Budgeting checks by Blenheim funeral directors ensure a deceased's family do not feel the burden of escalating funeral costs.
Funeral directors set out a clear financial plan to allow families to live within their means, a Blenheim funeral director said.
A lawyer dealing with family estates said the guidance meant there had not been reports of people in Marlborough being caught with unmanagable funeral costs.
The Express inquired about the issue after the Dominion Post reported that a widower in Waikanae is being forced to leave his rented flat after spending nearly all his savings on his beloved wife's funeral.
Ken Allen, 81, looked after his sick wife Rona, 81, for 12 years before she died in November. Their only asset was $8716 in a joint account, saved for both their funerals so they would not be a burden on their family when they died. But Mr Allen soon discovered that was barely enough for one funeral.
He paid Kapiti Coast Funeral Homes $5396 up-front, and applied to Work and Income for a funeral grant to cover the rest.
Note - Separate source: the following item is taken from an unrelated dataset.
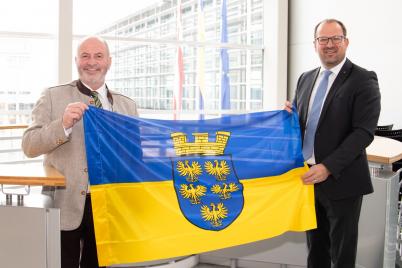 Ebner/Balber präsentieren Landesfeiertagsaktion der Volkspartei NÖ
But his application was declined on the ground that his savings were above the asset limit for the grant.
Lloyd Bush, a funeral director at Geoffrey T Sowman Funeral Directors in Blenheim, said Blenheim funeral directors were careful and clear when setting a funeral budget with a client.
"We explain to families approved costs for the funeral," he said. "If people have financial issues we can work within a budget."
It was not common in Marlborough that a deceased's family paid for pricey funerals they could not afford, he said.
"Some people have difficulty paying for funerals, but there is a Work and Income grant of a maximum $1,971. Anyone who thinks they qualify for the grant will be asset-tested by Work and Income."
If a person died as a result of an accident the Accident Compensation Corporation would award up to $5879, he said.
Funeral costs range from $2,000 for a cremation-only funeral, with the deceased's ashes returned in an urn.
Costs can increase to as much as $8000 depending on the choice of casket, transport and associated costs of food and flowers.
Marlborough had the highest per-capita increase in the over-65 population in New Zealand, latest census figures show.
Alison Weaver, a partner at Gascoigne Wicks law firm who works in estate planning and family law, said funeral costs were a hot topic in Blenheim because of its increasing elderly population.
People did not always talk about death and their first experience of the cost of death was often when it happened to someone close to them, she said.
Funeral directors had checks in place to ensure a family member or the deceased's estate could cover funeral costs, she said.
"Dying is very expensive. Funeral directors are conscious of the costs and want people to be able to afford to pay for it. They have very clear discussions with the family about what is affordable and what is not."
She did not know of any cases of anyone being unable to pay for a funeral.
"As a business, funeral directors don't want debt they can't recover. I think, many people may start with the assertion that money is no object but they end up being realistic because a funeral director's guidance is clear on what is affordable to them."
Funeral directors in Blenheim offer pre-pay funeral options where money is paid into a secure trust. For those in financial distress, sometimes a funeral director will agree to allow payment over time, she said.
There was a lot of information available in Marlborough on the subject, from services such as Community Law and budget advice services, due to the percentage of over 65s here, she said.